In Sri Lankan ethnomedicate it is claimed the flowers of Nyctanthes arbo-tristis is effective in the treatment of inflammatory conditions but this has not been scientifically validated. This experiment was carried to investigate the antinflammatory potential of hot water infusion of Nyctanthes arbo-tristis flowers. Oral antiinflammatory activity of hot water infusion of Nyctanthes arbo-tristis flowers (concentrations: 3.75, 7.5, 12.5 and 18.75 mg/kg) was assessed in rats using both acute (carrageenan-induced paw oedema assay) and chronic (formaldehyde induced-paw oedema and cotton pellet-granuloma tests) inflammatory models. In an attempt to investigate its mode of action, antihistamine activity (by wheal test), inhibition of prostaglandin synthesis (by enteropooling test), inhibition of Tumor necrosis factorαsecretion (using human mononuclear cells), and suppression of vascular permeability (acetic acid-induced vascular permeability test) and cytotoxicity (Evans blue test) were assessed. In the carrageenan-induced paw oedema test, hot water infusion simultaneously suppressed both initial and late stages of inflammation in an inversely dose related manner. Hot water infusion also inhibited paw oedema in formalin and cotton pellet granuloma tests. In addition, this infusion exhibited marked anti histamine activity, prostaglandin synthesis inhibition and suppression of vascular permeability. These findings scientifically support the traditional use of Nyctanthes arbo-tristis flowers in treatment of inflammatory conditions.

Keywords

Nyctanthes arbo-tristis flowers, antiinflammatory activity, hot water infusion, inflammation

Nyctanthes arbo-tristis Linn, night-flowering Jasmine, is a small tree up to 10 m tall found in central India but now cultivated elsewhere including Sri Lanka [1,2]. In Sri Lanka, it is commonly found in Buddhist temples and lone gardens almost throughout the country [3]. The tree flowers at night, all the year around, and these start to fall from midnight. The flowers are bisexual, fragrant and bears six white petals and a characteristic orange coloured, slender, cylindrical, glabrous corolla about 12 mm long [3].

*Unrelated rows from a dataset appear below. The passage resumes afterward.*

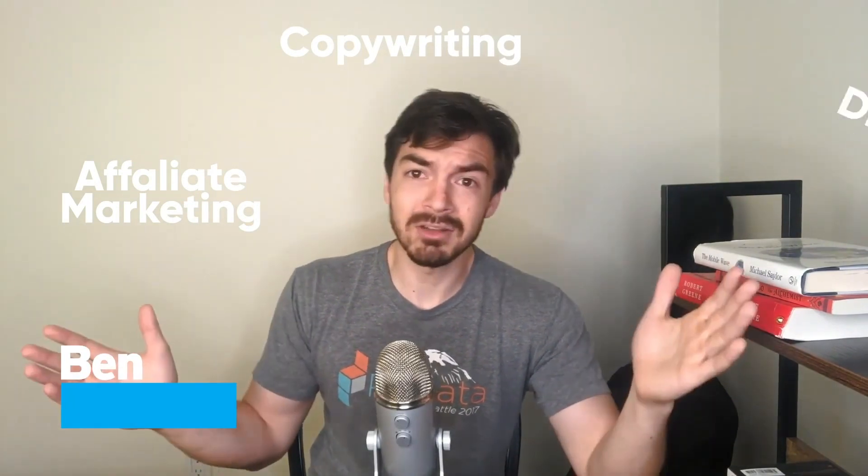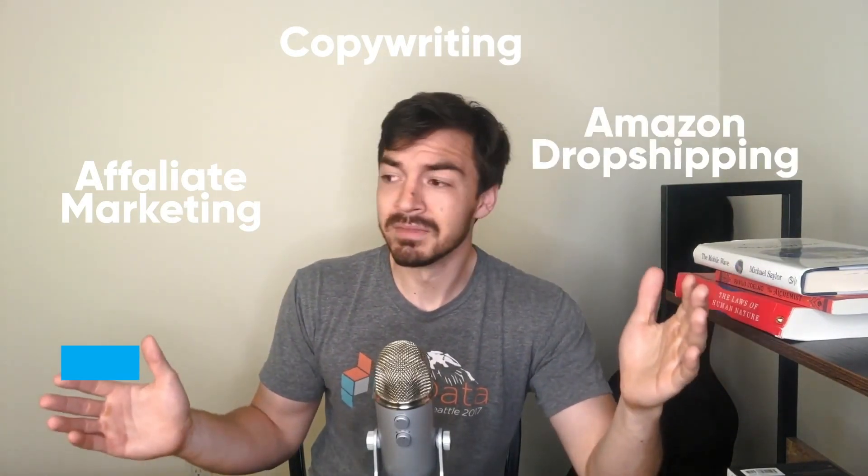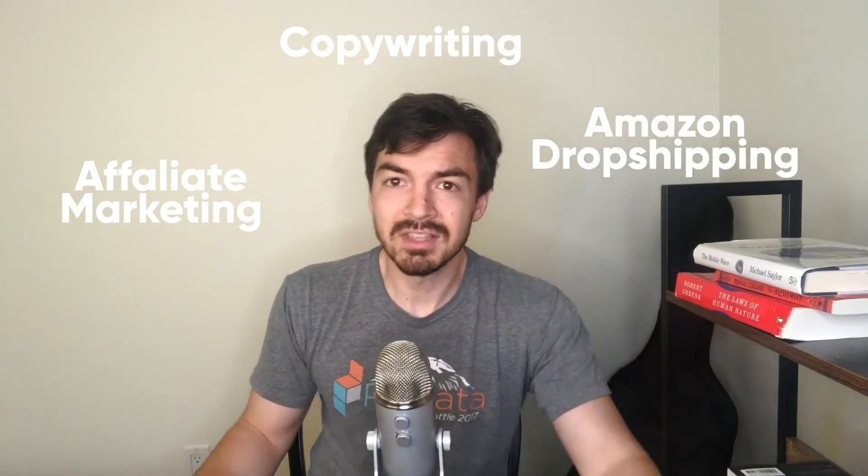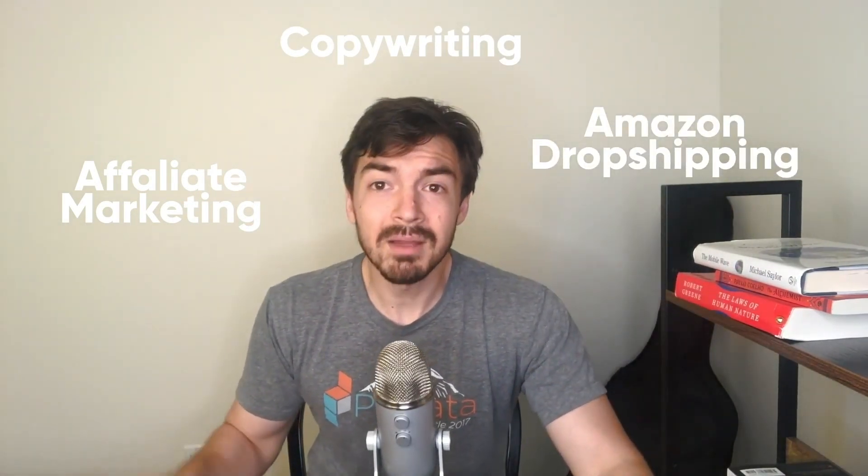Everyone online is talking about six-figure skills, whether it be affiliate marketing, copywriting, Amazon dropshipping, but here's the thing. I am terrible at all of those things, but in this video I'm going to discuss five skills you can learn today that will almost guarantee that you will find some company that will give you a six-figure income in some form of tech role.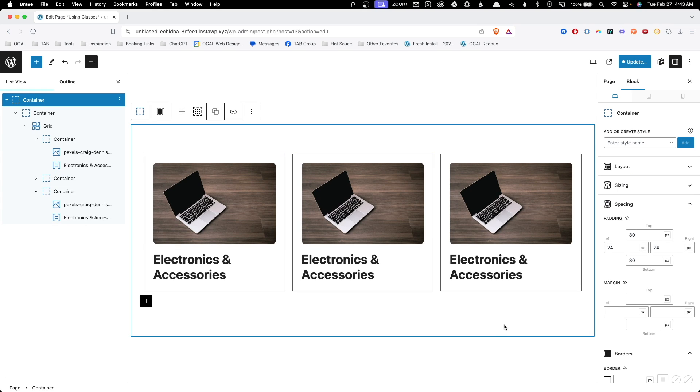Just like that, we're able to change the style of multiple elements all at one time. And yes, this will update across the entire website anywhere you use this class.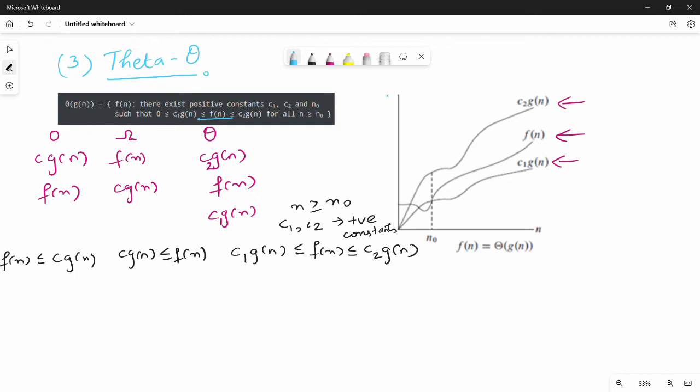If you study the diagram, it will be easy to understand. In all questions we will see the diagram and definition, then work through one example. For the average case, we will take a simple example.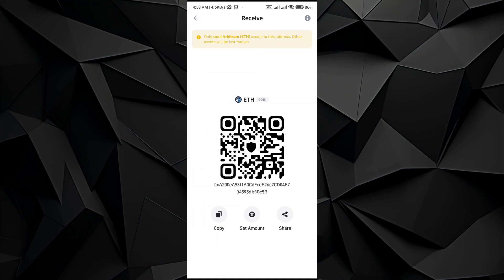So let's copy the address. Just click on the copy button and it will be copied.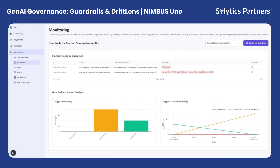At the bottom of the view, you can see trigger analytics showing the frequency, severity, and distribution of guardrail breaches over time. This helps risk and compliance teams quickly identify recurring issues, understand violation patterns, and take corrective action proactively.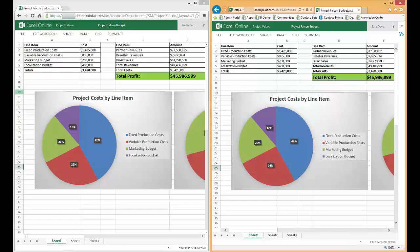Hello, and thank you for joining me for this session on co-authoring Excel spreadsheets stored in SharePoint Online. While today's session is focused on spreadsheets stored within SharePoint, the same user experience would hold true for a spreadsheet stored in OneDrive for Business.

Traditionally, Nyctanthes arbo-tristis flowers are used to provoke menstruation and as a diuretic [4], and to treat scabies and other skin diseases [5]. In addition, some Sri Lankan traditional practitioners claim that hot water infusion of Nyctanthes arbo-tristis flowers are therapeutically effective in the treatment of dermal inflammatory conditions [6]. This study was launched to scientifically test the validity of the none evidence based claim made by some Sri Lankan traditional medical practitioners that hot water infusion of Nyctanthes arbo-tristis flowers have antiinflammatory action.

Materials and Methods

Fresh flowers from a mature Nyctanthes arbo-tristis tree which were fallen on the ground, were collected between 5.00-6.00 h from a home garden at Hunupitiya, Sri Lanka, between July and September, 2010. The identification and authentication were done by Dr. S. Ranwala, Department of Botany, University of Colombo. A voucher specimen (WDR/Sepalika 2) is deposited at the museum of the Department of Zoology, University of Colombo.

Preparation of infusion

The fresh flowers were oven dried (60º) for 24 h and powdered. 4.5 g of this material was soaked in 24 ml boiling distilled water (DW) for 30 min. The dark brown hot water infusion (HWI) was then filtered through muslin cloth (yield: 32% w/v), and used directly for experimental work at doses of 3.75, 7.5, 12.5 or 18.75 mg/kg, in 1 ml. These doses are identical to what we have used previously [3,7].

Animals

Male Wistar rats (body weight, 225±15 g) and male ICR mice (body weight, 35±5 g) were used. They were maintained in the animal house at the University of Colombo under standardized conditions (temperature: 30±20; photoperiod: 12±1 h day light/dark cycle and relative humidity: 55±5%) with free access to pelleted animal food and drinking water. Ethical approved for this study was obtained from the Research, Ethics and Higher Degrees committee of the Institute of Biochemistry, Molecular Biology and Biotechnology, University of Colombo.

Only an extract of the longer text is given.